» What is being asked: Look at the entries below and restate word for word the lines from the first through the one that has "China Flexible Metal".

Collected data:
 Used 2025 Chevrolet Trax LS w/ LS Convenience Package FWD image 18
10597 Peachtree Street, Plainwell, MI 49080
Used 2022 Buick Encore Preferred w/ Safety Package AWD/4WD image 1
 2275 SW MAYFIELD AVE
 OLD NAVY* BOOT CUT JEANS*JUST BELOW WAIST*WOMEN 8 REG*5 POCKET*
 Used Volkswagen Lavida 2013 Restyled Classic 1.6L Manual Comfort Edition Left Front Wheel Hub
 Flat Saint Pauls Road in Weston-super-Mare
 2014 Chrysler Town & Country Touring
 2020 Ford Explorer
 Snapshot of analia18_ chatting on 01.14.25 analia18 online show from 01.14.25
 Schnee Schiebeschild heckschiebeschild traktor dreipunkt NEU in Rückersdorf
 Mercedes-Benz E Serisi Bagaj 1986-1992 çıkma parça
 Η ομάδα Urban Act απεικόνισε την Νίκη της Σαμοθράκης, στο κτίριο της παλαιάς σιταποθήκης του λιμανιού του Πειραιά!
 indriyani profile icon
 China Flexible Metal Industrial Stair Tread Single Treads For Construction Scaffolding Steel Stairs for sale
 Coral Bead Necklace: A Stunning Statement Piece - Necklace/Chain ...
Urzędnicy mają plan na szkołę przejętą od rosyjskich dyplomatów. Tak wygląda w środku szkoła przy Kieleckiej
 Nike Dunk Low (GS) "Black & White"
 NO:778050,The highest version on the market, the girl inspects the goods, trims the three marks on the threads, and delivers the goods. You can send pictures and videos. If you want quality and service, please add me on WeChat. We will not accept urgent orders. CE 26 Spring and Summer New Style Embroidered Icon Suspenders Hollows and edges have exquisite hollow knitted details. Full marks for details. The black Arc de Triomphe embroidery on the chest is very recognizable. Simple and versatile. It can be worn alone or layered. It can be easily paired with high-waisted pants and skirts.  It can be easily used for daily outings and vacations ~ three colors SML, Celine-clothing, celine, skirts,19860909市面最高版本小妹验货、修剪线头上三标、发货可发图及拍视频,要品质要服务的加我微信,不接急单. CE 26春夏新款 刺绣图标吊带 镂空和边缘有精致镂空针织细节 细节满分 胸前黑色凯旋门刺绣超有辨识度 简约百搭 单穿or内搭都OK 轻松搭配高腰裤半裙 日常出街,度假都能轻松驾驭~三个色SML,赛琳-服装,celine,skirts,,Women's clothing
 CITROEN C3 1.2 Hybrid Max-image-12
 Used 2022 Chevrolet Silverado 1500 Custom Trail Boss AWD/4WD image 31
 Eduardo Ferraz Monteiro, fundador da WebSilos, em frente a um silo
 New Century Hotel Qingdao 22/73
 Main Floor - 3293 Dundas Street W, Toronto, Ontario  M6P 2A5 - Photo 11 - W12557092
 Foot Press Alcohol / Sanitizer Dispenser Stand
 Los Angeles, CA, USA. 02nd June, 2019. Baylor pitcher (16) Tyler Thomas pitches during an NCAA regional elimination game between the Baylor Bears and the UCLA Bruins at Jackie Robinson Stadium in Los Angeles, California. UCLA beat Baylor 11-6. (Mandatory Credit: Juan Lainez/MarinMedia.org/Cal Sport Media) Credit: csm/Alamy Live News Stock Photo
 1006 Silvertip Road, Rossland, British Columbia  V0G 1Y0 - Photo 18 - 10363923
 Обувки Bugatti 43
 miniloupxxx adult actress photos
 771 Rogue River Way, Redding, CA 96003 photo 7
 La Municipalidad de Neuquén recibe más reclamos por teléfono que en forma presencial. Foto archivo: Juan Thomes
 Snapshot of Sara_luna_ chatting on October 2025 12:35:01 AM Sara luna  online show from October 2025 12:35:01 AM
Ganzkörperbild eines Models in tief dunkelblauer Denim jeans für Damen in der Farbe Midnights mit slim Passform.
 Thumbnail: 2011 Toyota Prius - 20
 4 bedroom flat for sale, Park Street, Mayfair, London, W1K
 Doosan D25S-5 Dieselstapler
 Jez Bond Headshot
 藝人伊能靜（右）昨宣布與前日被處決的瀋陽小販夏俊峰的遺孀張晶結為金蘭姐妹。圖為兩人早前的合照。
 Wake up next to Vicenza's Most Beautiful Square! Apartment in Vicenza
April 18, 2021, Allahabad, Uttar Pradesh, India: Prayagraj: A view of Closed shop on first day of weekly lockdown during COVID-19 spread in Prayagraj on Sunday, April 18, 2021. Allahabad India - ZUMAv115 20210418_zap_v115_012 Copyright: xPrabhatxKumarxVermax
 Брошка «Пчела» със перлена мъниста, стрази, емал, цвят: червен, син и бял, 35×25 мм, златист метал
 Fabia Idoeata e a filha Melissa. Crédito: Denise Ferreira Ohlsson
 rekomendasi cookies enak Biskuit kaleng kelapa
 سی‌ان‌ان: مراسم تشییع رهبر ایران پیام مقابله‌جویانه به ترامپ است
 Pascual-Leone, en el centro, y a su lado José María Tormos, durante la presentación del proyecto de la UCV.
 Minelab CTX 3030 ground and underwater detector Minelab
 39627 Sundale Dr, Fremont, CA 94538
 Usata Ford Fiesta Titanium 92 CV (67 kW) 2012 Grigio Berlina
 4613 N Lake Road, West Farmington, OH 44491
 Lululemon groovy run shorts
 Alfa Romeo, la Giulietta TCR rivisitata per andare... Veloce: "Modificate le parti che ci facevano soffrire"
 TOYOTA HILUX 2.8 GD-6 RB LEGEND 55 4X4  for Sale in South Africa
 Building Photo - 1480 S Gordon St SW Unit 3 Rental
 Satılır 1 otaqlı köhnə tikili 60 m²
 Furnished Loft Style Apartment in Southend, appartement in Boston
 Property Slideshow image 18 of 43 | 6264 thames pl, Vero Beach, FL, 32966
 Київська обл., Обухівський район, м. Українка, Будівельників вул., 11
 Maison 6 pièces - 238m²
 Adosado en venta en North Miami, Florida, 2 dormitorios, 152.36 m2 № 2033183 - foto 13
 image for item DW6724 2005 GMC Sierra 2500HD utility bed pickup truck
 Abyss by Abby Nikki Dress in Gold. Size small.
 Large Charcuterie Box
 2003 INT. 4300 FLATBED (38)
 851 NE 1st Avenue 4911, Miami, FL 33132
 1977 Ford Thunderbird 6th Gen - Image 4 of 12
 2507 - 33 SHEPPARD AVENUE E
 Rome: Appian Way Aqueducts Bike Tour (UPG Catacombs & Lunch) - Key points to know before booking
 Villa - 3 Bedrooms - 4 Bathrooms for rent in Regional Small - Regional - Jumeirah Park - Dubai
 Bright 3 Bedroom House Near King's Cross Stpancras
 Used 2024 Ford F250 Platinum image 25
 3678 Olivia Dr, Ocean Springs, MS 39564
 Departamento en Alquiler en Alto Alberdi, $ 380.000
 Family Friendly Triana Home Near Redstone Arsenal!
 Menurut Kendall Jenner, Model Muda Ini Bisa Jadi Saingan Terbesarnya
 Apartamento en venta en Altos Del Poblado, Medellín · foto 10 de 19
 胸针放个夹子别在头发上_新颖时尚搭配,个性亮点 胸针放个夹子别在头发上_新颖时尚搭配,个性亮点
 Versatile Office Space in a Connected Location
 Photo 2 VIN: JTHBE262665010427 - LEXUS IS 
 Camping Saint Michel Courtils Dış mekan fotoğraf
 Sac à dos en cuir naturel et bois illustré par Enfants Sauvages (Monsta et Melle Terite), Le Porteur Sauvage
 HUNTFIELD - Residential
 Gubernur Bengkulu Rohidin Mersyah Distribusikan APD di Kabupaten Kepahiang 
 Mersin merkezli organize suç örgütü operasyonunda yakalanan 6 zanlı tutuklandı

» Solution to the exercise:
 Used 2025 Chevrolet Trax LS w/ LS Convenience Package FWD image 18
10597 Peachtree Street, Plainwell, MI 49080
Used 2022 Buick Encore Preferred w/ Safety Package AWD/4WD image 1
 2275 SW MAYFIELD AVE
 OLD NAVY* BOOT CUT JEANS*JUST BELOW WAIST*WOMEN 8 REG*5 POCKET*
 Used Volkswagen Lavida 2013 Restyled Classic 1.6L Manual Comfort Edition Left Front Wheel Hub
 Flat Saint Pauls Road in Weston-super-Mare
 2014 Chrysler Town & Country Touring
 2020 Ford Explorer
 Snapshot of analia18_ chatting on 01.14.25 analia18 online show from 01.14.25
 Schnee Schiebeschild heckschiebeschild traktor dreipunkt NEU in Rückersdorf
 Mercedes-Benz E Serisi Bagaj 1986-1992 çıkma parça
 Η ομάδα Urban Act απεικόνισε την Νίκη της Σαμοθράκης, στο κτίριο της παλαιάς σιταποθήκης του λιμανιού του Πειραιά!
 indriyani profile icon
 China Flexible Metal Industrial Stair Tread Single Treads For Construction Scaffolding Steel Stairs for sale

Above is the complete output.